The huge potential for offshore wind projects is likely to excite the commercial marine sector as the US commits to offshore wind.
Offshore wind development in the US has been given a major boost after the Joe Biden administration launched ‘coordinated actions’ that will result in new floating platforms being developed.
The initiatives develop the government’s existing plans to deploy 30GW of fixed-bottom offshore wind by 2030 with advance lease areas in deep waters to deploy 15GW of floating wind by 2035.
Two thirds of America’s offshore wind energy potential lies in floating intallations, the US administration believes, yet just 0.1GW is globally generated in this way.
As well as advancing the lease areas for floating offshore wind, the government is creating a ‘Floating Offshore Wind Shot’ to accelerate work in engineering, manufacturing and other areas of innovation. The aim is to reduce the costs of the technology by more than 70% to $45 per megawatt hour.
“Achieving this cost target will require focused research, development and demonstration to catalyze continued cost reductions, with a focus on manufacturing, engineering and continued increases of offshore wind turbine capacity,” says the announcement. “Agencies will also continue collaborating to develop the robust domestic supply chain and transmission infrastructure needed to acccelerate floating as well as fixed-bottom offshore wind.”

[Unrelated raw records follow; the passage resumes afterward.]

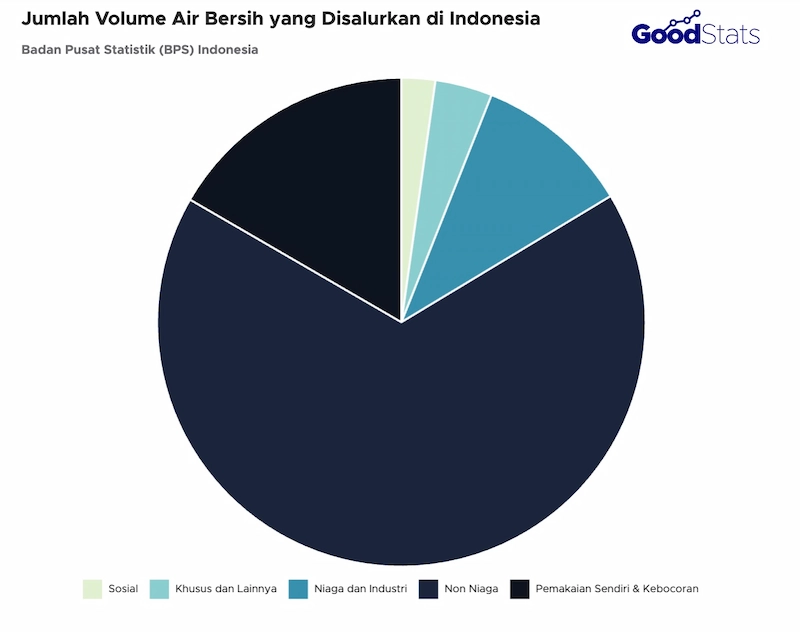 Jumlah volume air bersih yang disalurkan di Indonesia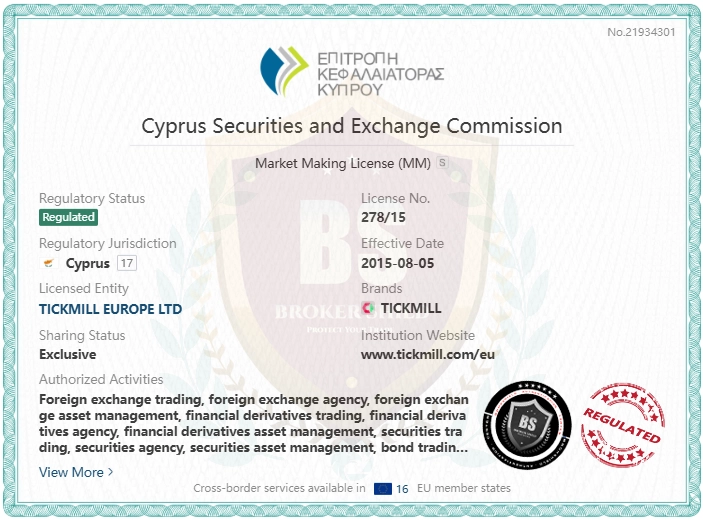 Tickmill CySEC regulation document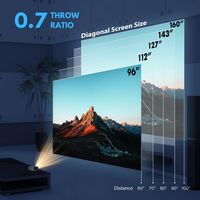 AAXA - P400+ Short Throw Mini Projector, 2 Hour Battery, Native 1080P, Wireless Mirroring, Built-... - Left View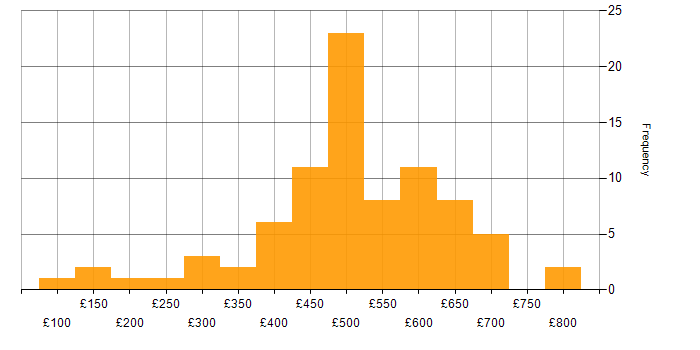 Daily rate histogram for Public Sector in Bristol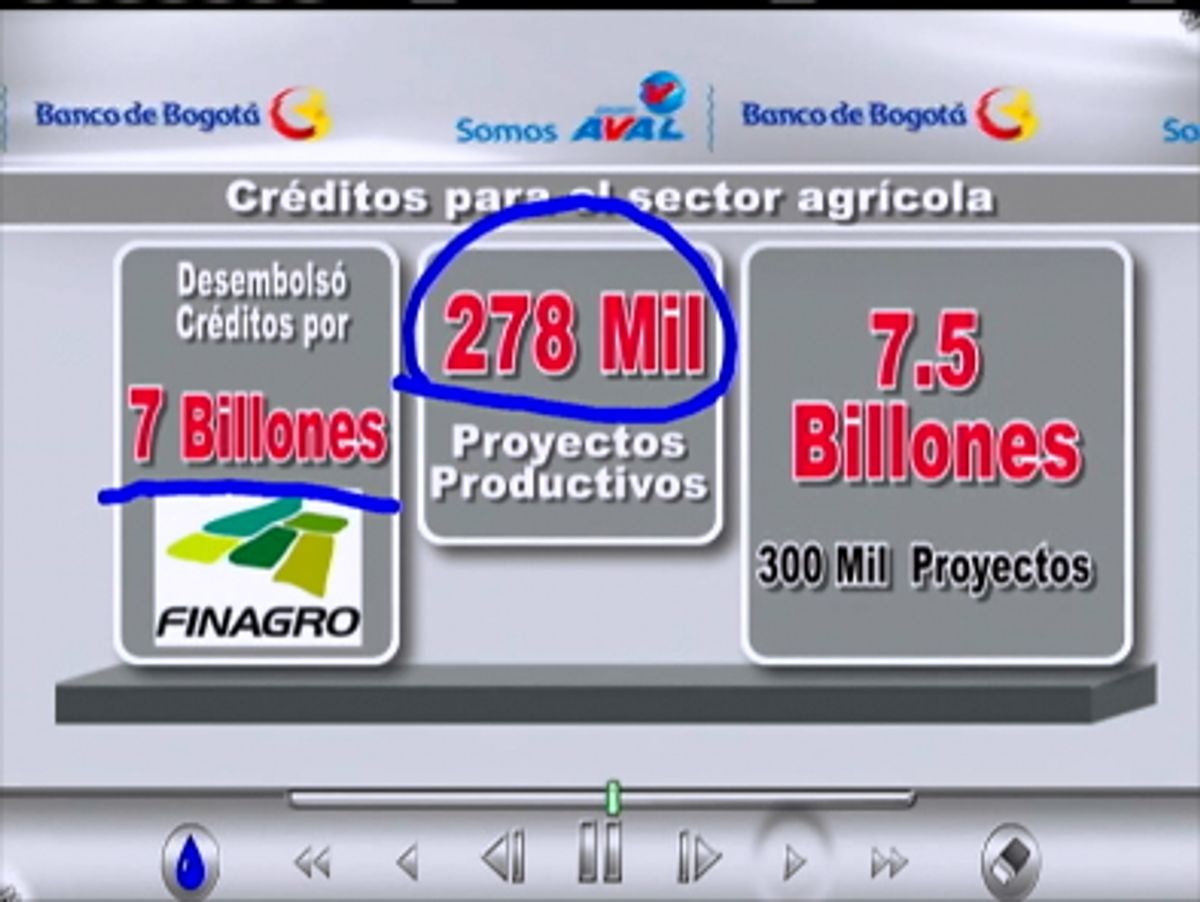 Finagro anuncia créditos por 7.5 billones de pesos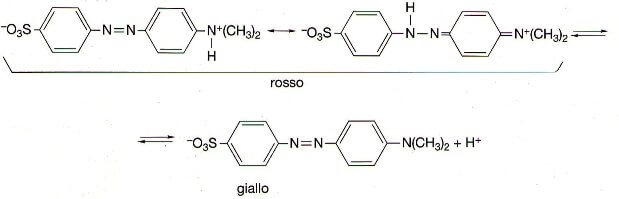 viraggio metilarancio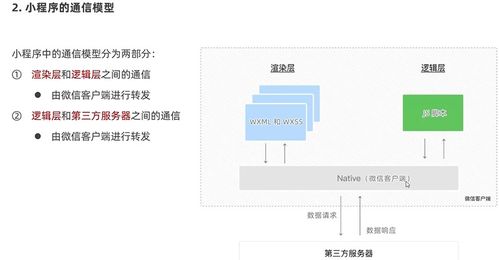 微信小程序开发过程基本知识总结 引用黑马程序员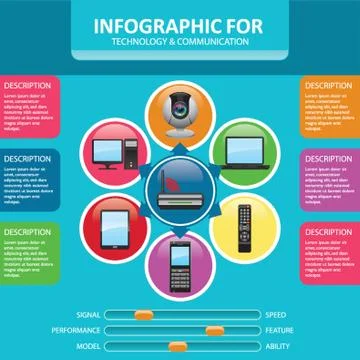 Infographic Of Technology And Communication イラスト素材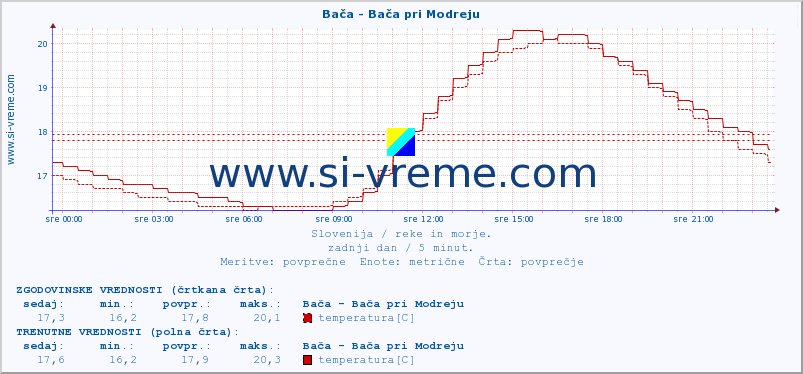 POVPREČJE :: Bača - Bača pri Modreju :: temperatura | pretok | višina :: zadnji dan / 5 minut.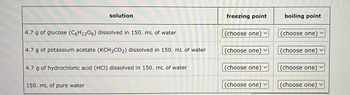 solution
4.7 g of glucose (C6H1206) dissolved in 150. mL of water
4.7 g of potassium acetate (KCH3CO₂) dissolved in 150. mL of water
4.7 g of hydrochloric acid (HCI) dissolved in 150. mL of water
150. mL of pure water
freezing point
(choose one)
(choose one)
(choose one) ✓
(choose one)
boiling point
(choose one)
(choose one)
(choose one) ✓
(choose one)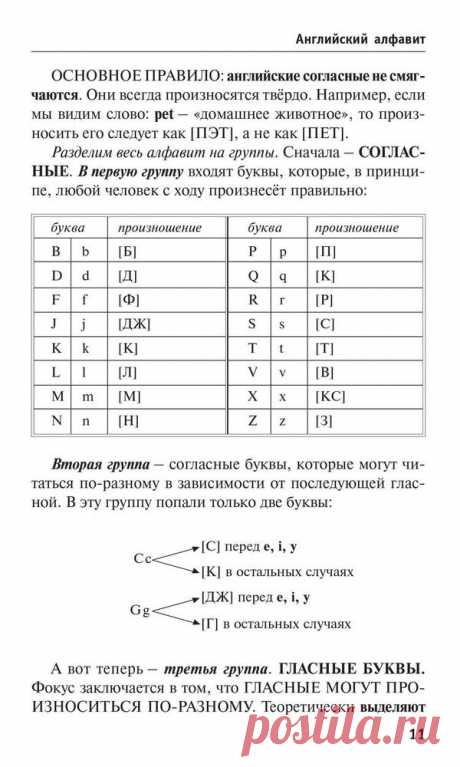 Aнглийcкий caмoyчитeль для тex, ктo ничeгo нe знaeт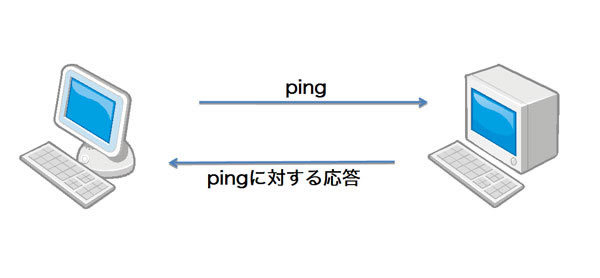 図1　ping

The government has also launched a prize competition for wind platform technologies under initiatives funded by a Bipartisan Infrastructure Law to develop tools for project design and allocate funding for research, development and demonstration.
The US has been late to the offshore wind party, with major projects only just being announced this year.
According to market intelligence firm 4C Offshore, the country has 182 projects listed, of which two are operating. The recent announcement is bound to spark interest for the engineering and manufacturing potential that such a rapidly growing sector will mean.